“The relevant services are trying to choose the most suitable time and format,” Putin’s spokesman, Dmitry Peskov, told reporters in a daily briefing call, Interfax reported.
Peskov said the “likelihood is great” that the two leaders will meet.
The meeting would take place at the Asia-Pacific Economic Cooperation (APEC) summit that starts Wednesday in Danang, Vietnam, and which Trump will attend as part of his 13-day Asia tour. Beginning the trip, Trump said he expected to meet with Putin and wanted to enlist him in resolving the North Korea nuclear crisis.
Trump and Putin first met in July at a G-20 summit in Germany, where they spoke for two hours. Trump said he had directly confronted Putin over Russia’s meddling in the U.S. election.
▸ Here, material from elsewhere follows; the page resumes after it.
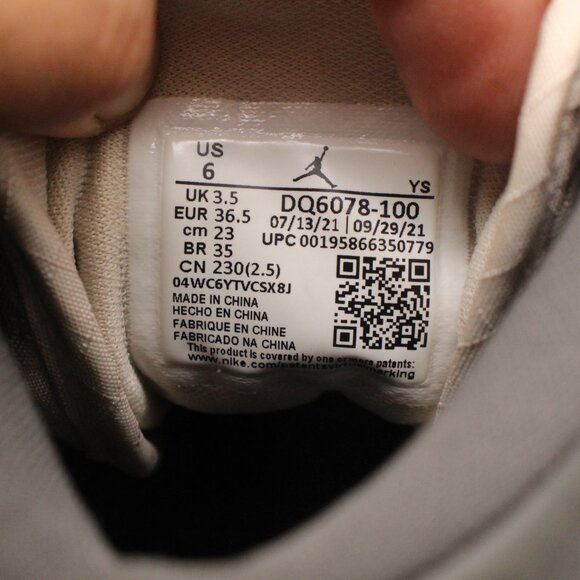 Nike Air Jordan 1 Mid SE Newsprint Women's Size 6 Athletic sneaker DQ6078-100 - Picture 3 of 10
Both men expressed enthusiasm about the meeting afterward.
On the tour so far, he has moderated his threats to the North, and in South Korea Wednesday called on it to "come to the table.”
Trump appears to view Russia as important in achieving that.
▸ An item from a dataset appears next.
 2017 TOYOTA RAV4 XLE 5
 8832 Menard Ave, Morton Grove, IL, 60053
But Moscow has also sometimes presented itself as an ally of Pyongyang, and Putin has criticized the United States over its threats to North Korea, saying it is clear nothing short of negotiations will persuade it to give up its nuclear ambitions.
“The policy of putting pressure on Pyongyang to stop its nuclear missile program is misguided and futile," Putin wrote in an article published in September.
The issue should be “resolved by direct dialogue of all the parties concerned without any preconditions. Provocations, pressure and militarist and insulting rhetoric are a dead-end road," he added.
Putin has also said he opposes further sanctions, saying he believes there are no more to apply that will be effective. Earlier this year, the United States sanctioned four Russian companies accused of facilitating North Korea’s missile program.
In October, it was revealed that a telecom company affiliated with a Russian state firm had established a new internet connection for North Korea.
The connection supplements the only previously existing one provided by China and gives North Korea greater protection against potential cyberattacks from the United States, which is believed to have used attacks to trip up the North’s missile program.
Asked last week about the telecom firm and criticism that Russia is assisting North Korea, a spokeswoman for Russia’s foreign ministry, Maria Zakharova, said Russia was unapologetic about developing relations with Pyongyang.
“Our implementation of sanctions is unshakeable, but along with that we are also pursuing the development of relations with North Korea.”